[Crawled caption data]
┌──
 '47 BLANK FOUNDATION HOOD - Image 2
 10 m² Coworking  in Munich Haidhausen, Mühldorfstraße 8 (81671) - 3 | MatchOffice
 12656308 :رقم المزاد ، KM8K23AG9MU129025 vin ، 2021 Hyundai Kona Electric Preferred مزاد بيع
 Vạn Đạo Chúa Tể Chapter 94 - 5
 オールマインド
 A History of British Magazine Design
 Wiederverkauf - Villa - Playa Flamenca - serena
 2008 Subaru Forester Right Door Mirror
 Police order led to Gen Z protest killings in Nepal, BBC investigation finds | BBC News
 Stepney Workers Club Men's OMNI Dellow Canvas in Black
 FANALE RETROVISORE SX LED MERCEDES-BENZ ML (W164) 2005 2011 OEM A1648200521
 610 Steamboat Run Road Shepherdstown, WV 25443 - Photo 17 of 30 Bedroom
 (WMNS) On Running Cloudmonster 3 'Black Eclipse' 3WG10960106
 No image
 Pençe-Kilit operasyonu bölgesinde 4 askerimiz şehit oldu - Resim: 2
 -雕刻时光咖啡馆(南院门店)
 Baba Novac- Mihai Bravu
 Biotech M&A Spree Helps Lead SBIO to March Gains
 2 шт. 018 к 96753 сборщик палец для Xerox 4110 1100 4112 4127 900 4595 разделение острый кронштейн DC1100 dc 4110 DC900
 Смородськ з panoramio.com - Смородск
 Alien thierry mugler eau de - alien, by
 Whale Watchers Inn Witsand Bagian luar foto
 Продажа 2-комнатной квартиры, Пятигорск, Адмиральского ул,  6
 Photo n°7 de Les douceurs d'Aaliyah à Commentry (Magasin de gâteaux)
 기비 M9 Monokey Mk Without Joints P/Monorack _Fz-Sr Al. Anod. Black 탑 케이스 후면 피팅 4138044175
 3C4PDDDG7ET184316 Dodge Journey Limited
└──
__TASK PROMPT__
From the records above, transcribe without alteration every line from the one with "Stepney Workers Club" to the one with "Baba Novac- Mihai Bravu", inclusive.

__YOUR RESPONSE__
 Stepney Workers Club Men's OMNI Dellow Canvas in Black
 FANALE RETROVISORE SX LED MERCEDES-BENZ ML (W164) 2005 2011 OEM A1648200521
 610 Steamboat Run Road Shepherdstown, WV 25443 - Photo 17 of 30 Bedroom
 (WMNS) On Running Cloudmonster 3 'Black Eclipse' 3WG10960106
 No image
 Pençe-Kilit operasyonu bölgesinde 4 askerimiz şehit oldu - Resim: 2
 -雕刻时光咖啡馆(南院门店)
 Baba Novac- Mihai Bravu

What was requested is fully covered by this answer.